● **Aim of the exercise**
I need the records below restated word for word, without their pictures.
[[ Supplied entries open ]]
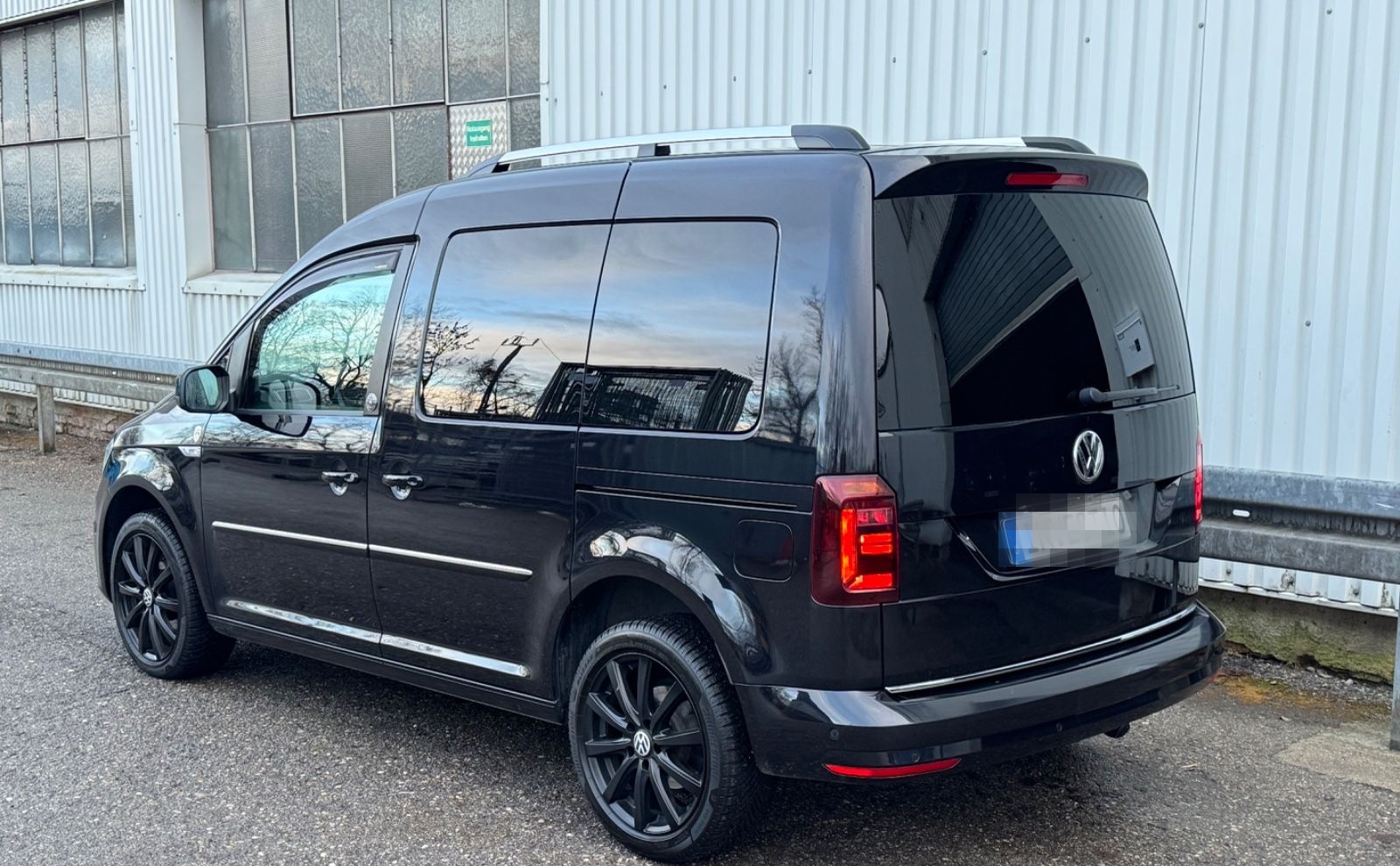 Volkswagen Caddy Highline DSG BMT 5 Sitzer AHK foto 4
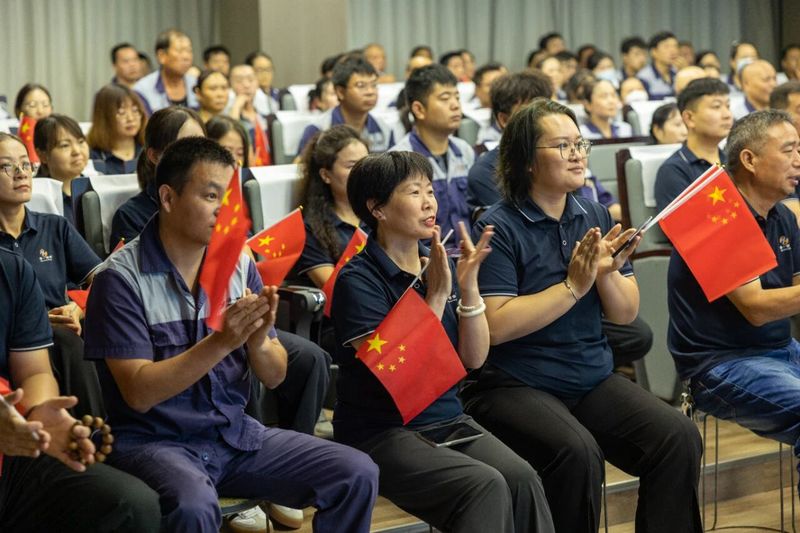 卓一牧業(yè)組織觀看抗戰(zhàn)勝利80周年大閱兵儀式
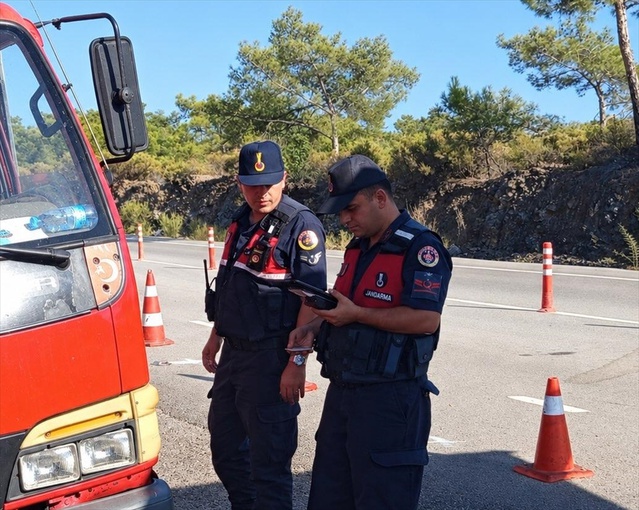Muğla'da jandarma denetimlerinde aranan 101 şüpheli yakalandı, 25'i tutuklandı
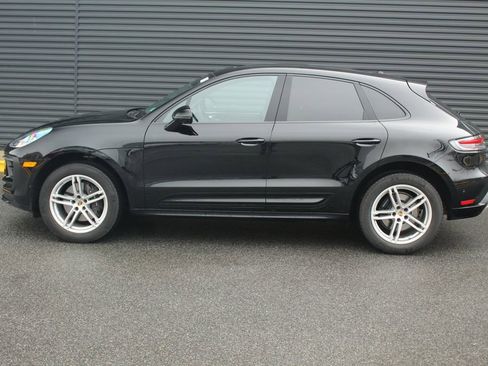 Certified 2025 Porsche Macan image 2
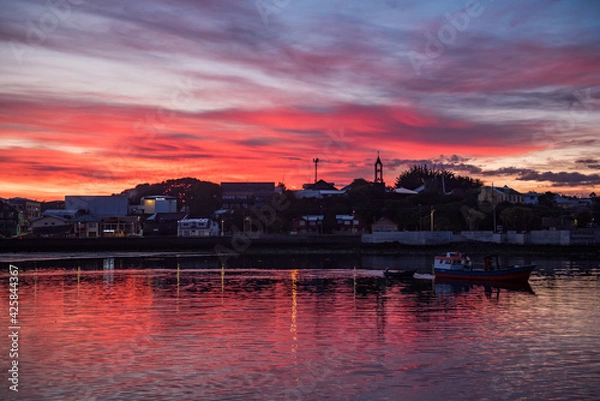 Fototapeta Sunrise time pink sky in Ancud, Chile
[[ Supplied entries closed ]]
● **Output of the exercise**
 Volkswagen Caddy Highline DSG BMT 5 Sitzer AHK foto 4
 卓一牧業(yè)組織觀看抗戰(zhàn)勝利80周年大閱兵儀式
Muğla'da jandarma denetimlerinde aranan 101 şüpheli yakalandı, 25'i tutuklandı
 Certified 2025 Porsche Macan image 2
 Fototapeta Sunrise time pink sky in Ancud, Chile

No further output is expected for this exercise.